Thinking about the above, we might realise that if we want to find out the factorial for some value \(n\) that is not the easy to answer base case, we know how to make the answer just a little bit easier: by calculating the factorial value for \(n-1\) first. If we keep doing this we will eventually come to the base case, by which time we can start constructing the answer by multiplying numbers.

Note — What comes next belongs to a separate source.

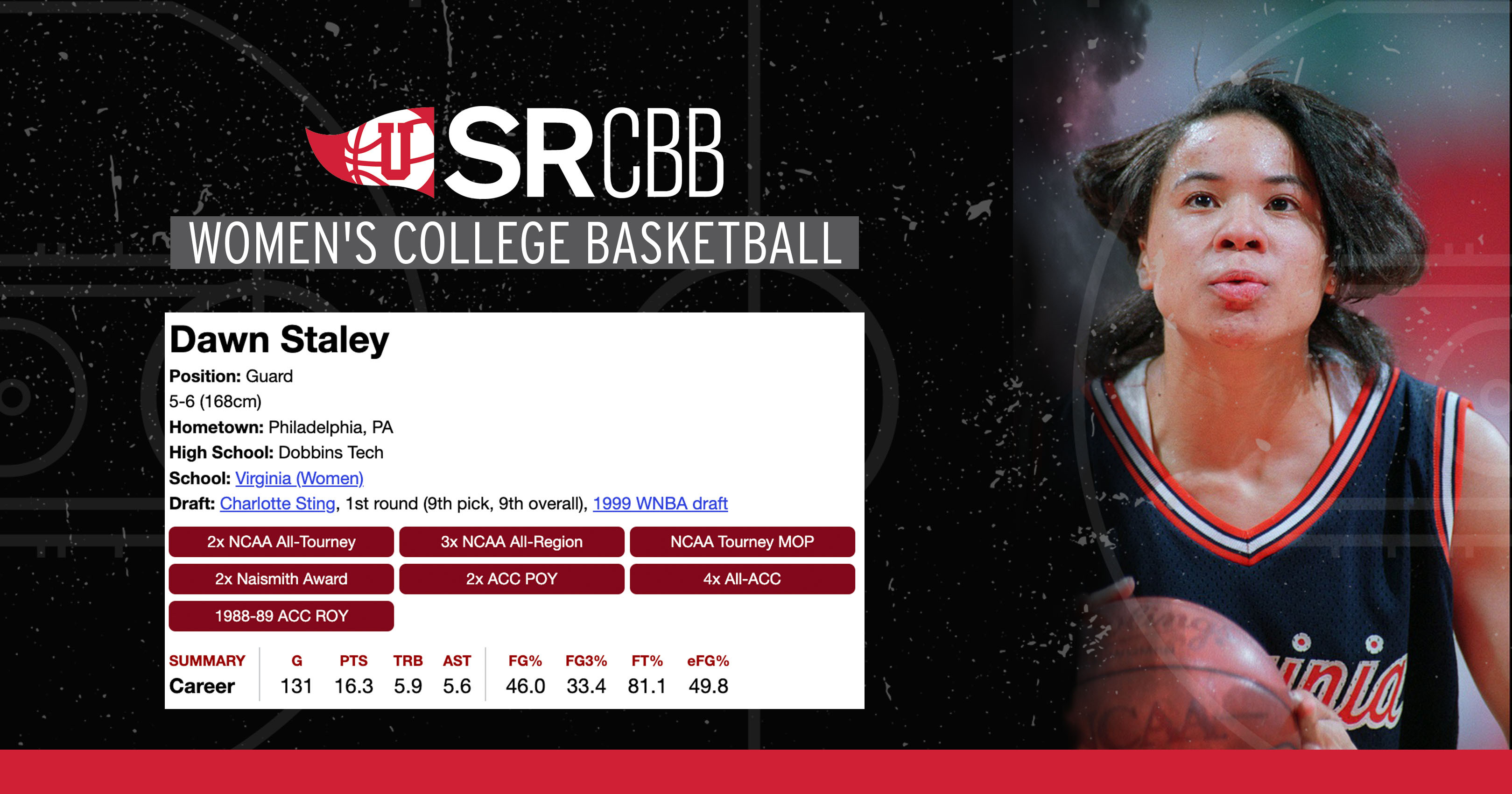 College basketball reference discount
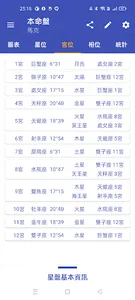 Astrology - 星盤查詢 screenshot 3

Thus the factorial function is self-similar and readily admits a recursive implementation:
1def factorial(n: Int): Int =
2 require(n >= 0)
3 if n == 0 then
4 1
5 else
6 n * factorial(n-1)
7 end if
8end factorial
As you can see the functions factorial calls itself on line 6 in the listing above. This is perfectly fine. It just means that during execution we need to find out the value of that call before we can complete the current calculation. Because we decrease n every time factorial is called by itself, we know that for any \(n>0\) we will eventually hit the base case n == 0.
At the console we witness that function indeed works as intended:
scala> factorial(0)
res: Int = 1
scala> factorial(1)
res: Int = 1
scala> factorial(2)
res: Int = 2
scala> factorial(3)
res: Int = 6
scala> factorial(4)
res: Int = 24
scala> factorial(5)
res: Int = 120
scala> factorial(6)
res: Int = 720
Similarly we could compute the sum of the nonnegative integers up to \(n\). Indeed, for \(n=0\) the sum is \(0\), and to sum the integers up to \(n\geq 1\) it suffices to add \(n\) and the sum up to \(n-1\):
def sumUpTo(n: Int): Int =
require(n >= 0)
if n == 0 then
0
else
n + sumUpTo(n-1)
end if
end sumUpTo
Again we witness that the function works as intended:
scala> sumUpTo(1)
res: Int = 1
scala> sumUpTo(2)
res: Int = 3
scala> sumUpTo(100)
res: Int = 5050
We will come back to recursion later in the course and revisit the topic in more detail.
Think about this
If you try to compute the factorial of a larger number, for example 40,
using factorial as declared above, you will see a perhaps unexpected result:
scala> factorial(40)
val res: Int = 0
Is this correct, and if not, why do we get that result?
Try to replace the parameter and result type of Int with Long. What happens now? Why?